The Meaning of Life


The last picture ever taken of Jeanne Ellen Greene with her youngest son
 

Jeanne Ellen Greene, who passed away this morning at the age of 86. Jeanne's death won't be a blip on the radar to most of you; indeed it might not mean that much to me save for the fact that she was married for a time to a man named George Leonard Mullich and had three sons with him, one of whom was me. She was my Mom. You only get one of those in your life and she was mine, and everything that I've accomplished on this planet - for good and for bad - is due in large part to her.

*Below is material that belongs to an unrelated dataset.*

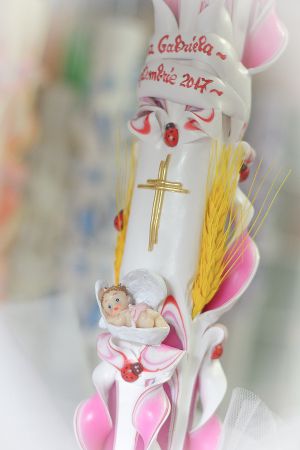 Lumanari botez sculptate, miez colorat, cu figurina bebelus,  roz fucsia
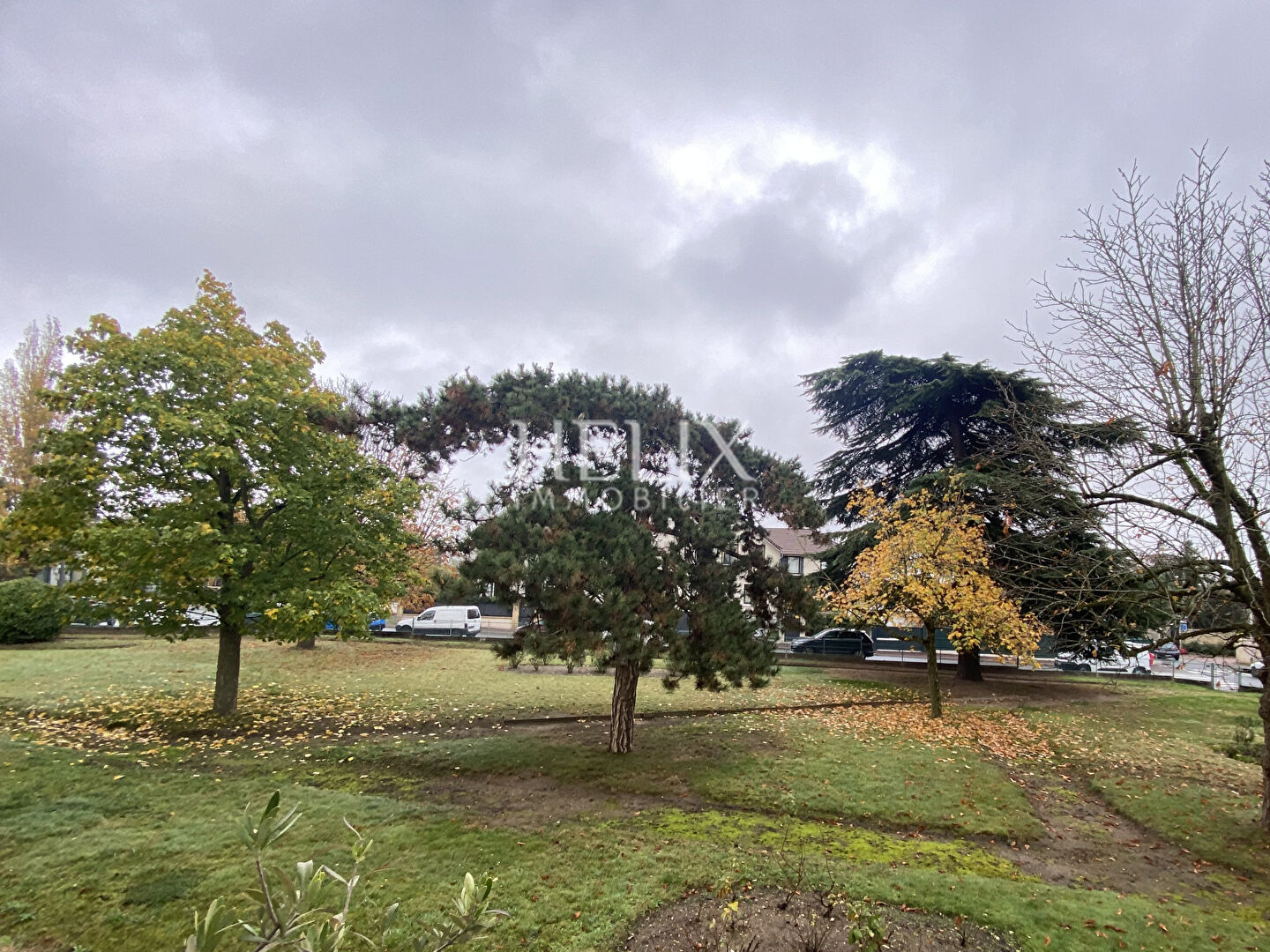 Agence immobilière de HELIX IMMOBILIER - HELIX IMMOBILIER LE VESINET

Jeanne faced more adversity than most (she was briefly placed in an orphanage when she was a child simply because her mother found the responsibility of being a parent too overwhelming, and when she was an adult she would sometimes waken the house by crying out the name of her favorite sister who had committed suicide years before) and she lived her life by a complicated set of rules that often seemed to cast the world as an arena in which to do battle and the people in it as her opponents. She developed a fearless independence as a result and intrepidly traveled the world by herself, continuing her journeys well into her eighties. Like many mothers and sons, our relationship was a complex and frequently contentious one. Yet despite the tension that grew between us, the debt I owe her cannot be adequately set down in words. She gave me the gift of life, put food in my mouth and paid for my education.

And even more than that, she gave me a master class about human interaction from her one-of-a-kind perspective; a few lessons of which I continue to hold dear to this day and many that I have spent my life in an earnest attempt to unlearn. When she finally departed this world, she did so without leaving a friend in it - which is exactly how she wanted it. That is an aspect of the education she gave me that I reject with all my heart yet it seemed to be the cornerstone of her personal philosophy. Being independent meant going it alone.Perhaps the greatest lesson that she taught me came over the course of the past year, as her formerly granite-like body began to finally betray her and her unpredictable mind eagerly followed. Our interactions became infrequent as the dementia which bored through her brain became too painful for me to witness.

But as her decline weighed on my mind, it occurred to me that she was teaching me one final thing, and it was nothing short of the Meaning of Life itself. It sounds simplistic - almost asinine - when set in black and white, but it is something that doesn't become a reality for most of us until it has sneaked up on us from behind and forced us into a corner that we can't escape from.The Meaning of Life is simply this: that it ends. And it ends far more quickly than we are ever prepared for.I didn't believe in God before Jeanne's death and I don't believe in Him now. But I'll let you in on a little secret: I hope that I'm wrong about that and as you're reading this, Jehovah is opening the gates of heaven to her with trumpets blaring. I know that she'll just cock a suspicious eye in His direction and wonder exactly what kind of con He's trying to pull on her when He does. But it wouldn't be Jeanne if she didn't.

And flights of angels sing thee to thy rest.